The biggest attraction to many is the wonderful – and recognizable – songs, and they were delivered throughout with the joy the audience was waiting for. Most memorable was certainly Alyson Cambridge’s Mother Abbess, whose “Climb Ev’ry Mountain” was as rich and grand than as any one is likely to hear anywhere. (It doesn’t hurt that Cambridge is an international opera soprano, among many distinctions.)

And then there were the kids. At Saturday’s performance, all six performed naturally and convincingly and with no Broadway “slickness,” and only the “cuteness” demanded by the script. They were theatrically disciplined, delivering Katie Rose McLaughlin’s attractive choreography with Brown as dance captain, effectively.
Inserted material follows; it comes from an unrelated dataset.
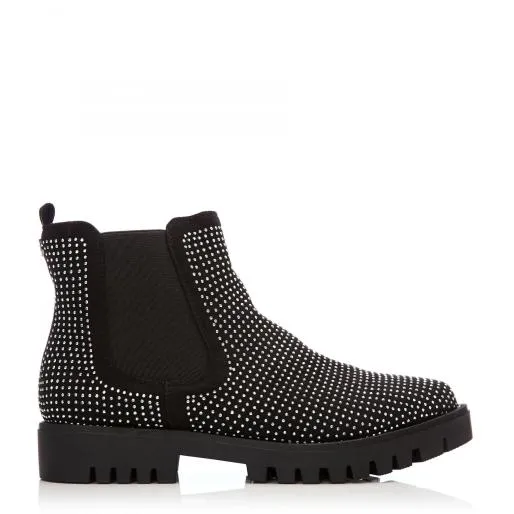 Baratsia Jet Black Alcantara Women Moda In Pelle Ankle Boots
There are actually two casts of children and they alternate. However, having seen both sets in rehearsal, I can attest to the high quality of both. Northern Stage, with its demanding education programs, produces the best youth performances in Vermont, and likely among the best anywhere.

The production as a whole, though effective, was more utilitarian than inspired. Part of this was due to the difficulty of so many big scene changes in a thrust theater (with audiences on three sides). Still Carolyn Mraz’ sets were attractive, particularly the beautiful mountain view, assisted by the creative lighting of Mary Ellen Stebbins. Appropriate costumes were by Hunter Kaczorowski.

Very important is that the production, after the sweet beginning, was underscored with the growing Nazi menace. That is a big part of what makes this traditional musical – and made this production – so compelling.

“The Sound of Music” is Northern Stage’s annual family holiday offering, with performances including many matinees during school holidays through Jan. 5. But, unlike many previous shows, this is an excellent choice for children and adults alike. Interestingly, on Saturday, it was the seniors who couldn’t control their enthusiasm.